Not long ago another large organization, United Parcel Service, rolled out a new policy: no left turns. Bodell said this simple change is saving UPS drivers time and gas on each route while dramatically reducing carbon emissions. And customers are receiving their packages faster.

Simplicity saves time and money and it spares frustration, said Bodell, who related a personal story of trying to buy patio furniture with accumulated credit card points. After an initial runaround, the company mailed her 200 gift cards. Then the web site only let her enter 10 at a time. Many hours and headaches into her supposedly easy online purchase, she was fed up with the company.

“Dealing with companies that are complicated makes you not want to work with them,” Bodell said.

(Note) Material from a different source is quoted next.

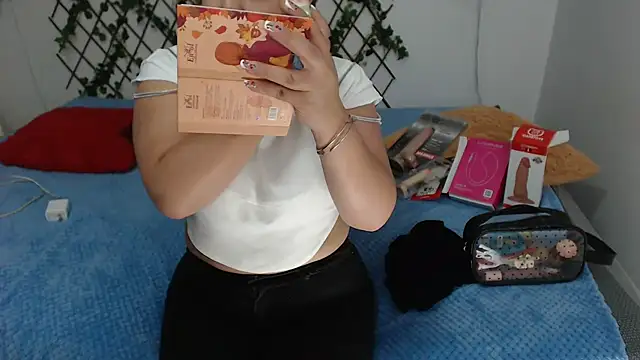 Snapshot of zahra_Jalid chatting on 03/11/25, 08:09 zahra Jalid online show from 03/11/25, 08:09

Successful companies make it simple to get a ride (Uber), share files (Dropbox) or rent a movie (Netflix).

“The startups and groups winning today are operating with speed, because speed is more important than size,” Bodell said. “If you’re operating with complexity, you can’t get there; you can’t innovate.”

Today’s world is increasingly fast-paced and full of distractions, so it’s easy to lose focus. “We’re conditioned for complexity. We like to multitask…and we create the same level of urgency for everything,” said Bodell. “We focus on the daily crap versus the mission-critical.”

So much complexity is self-imposed and within our sphere of control, Bodell said. How can we embrace change and simplify so we can get to the meaningful work? It involves shaking things up a bit.

“Change doesn’t happen when we’re comfortable. It happens when we have productive agitation,” said Bodell. “When we’re uncomfortable, we question the way things work; we question our assumptions. Right now, we don’t question enough and we operate with too much complexity.”

It might seem discouraging to try to simplify a large organization, especially a federal one, yet many large organizations are finding ways to ditch complexity in formal and informal ways. Merck, for example, has simplification teams. HBO and Google have bureaucracy-busting sessions.

Simplification can start within a branch or team, or with one person’s idea and a willing supervisor. Bodell offered suggestions to help put simplification into practice.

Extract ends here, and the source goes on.